A: The axis of symmetry is significant because it helps to identify the vertex of the parabola, which is the point where the function changes from decreasing to increasing or vice versa. This is useful in graphing and analyzing quadratic functions.

Q: Can the axis of symmetry be used to determine the direction of the parabola?

A: Yes, the axis of symmetry can be used to determine the direction of the parabola. If the axis of symmetry is to the left of the origin, the parabola opens to the left. If the axis of symmetry is to the right of the origin, the parabola opens to the right.

Q: How do I graph a quadratic function using the axis of symmetry?

A: To graph a quadratic function using the axis of symmetry, you need to know the equation of the axis of symmetry and the coordinates of the vertex. You can then use this information to draw the parabola.

Q: What are some real-world applications of the axis of symmetry in quadratic functions?

A: The axis of symmetry has many real-world applications, including:

• Physics: The axis of symmetry is used to describe the motion of objects under the influence of gravity.
• Engineering: The axis of symmetry is used to design and analyze structures such as bridges and buildings.
• Economics: The axis of symmetry is used to model and analyze economic systems.

Q: Can the axis of symmetry be used to solve quadratic equations?

A: Yes, the axis of symmetry can be used to solve quadratic equations. By using the axis of symmetry formula, you can find the x-coordinate of the vertex, which is the solution to the quadratic equation.

Q: What are some common mistakes to avoid when working with the axis of symmetry?

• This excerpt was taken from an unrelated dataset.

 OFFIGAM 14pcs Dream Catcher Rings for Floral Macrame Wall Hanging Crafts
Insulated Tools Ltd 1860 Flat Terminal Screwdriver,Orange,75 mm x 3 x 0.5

A: Some common mistakes to avoid when working with the axis of symmetry include:

• Not using the correct formula for the axis of symmetry.
• Not substituting the correct values into the formula.
• Not solving for the correct variable.

Q: How can I practice working with the axis of symmetry?

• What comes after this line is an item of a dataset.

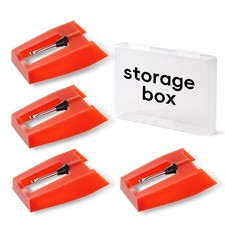 4 Pack Record Player Needles Replacement Compatible with Crosley, Victrola ...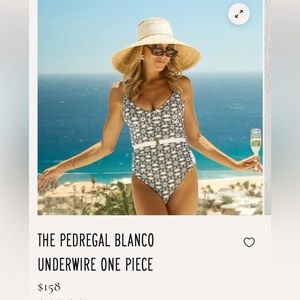 NWT Watercolors Kenny Flowers THE PEDREGAL BLANCO
UNDERWIRE ONE PIECE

A: You can practice working with the axis of symmetry by:

• Graphing quadratic functions and identifying the axis of symmetry.
• Solving quadratic equations using the axis of symmetry formula.
• Analyzing and interpreting the results of your calculations.

Conclusion

The axis of symmetry is a fundamental concept in quadratic functions that has many real-world applications. By understanding the axis of symmetry, you can graph and analyze quadratic functions, solve quadratic equations, and make informed decisions in a variety of fields.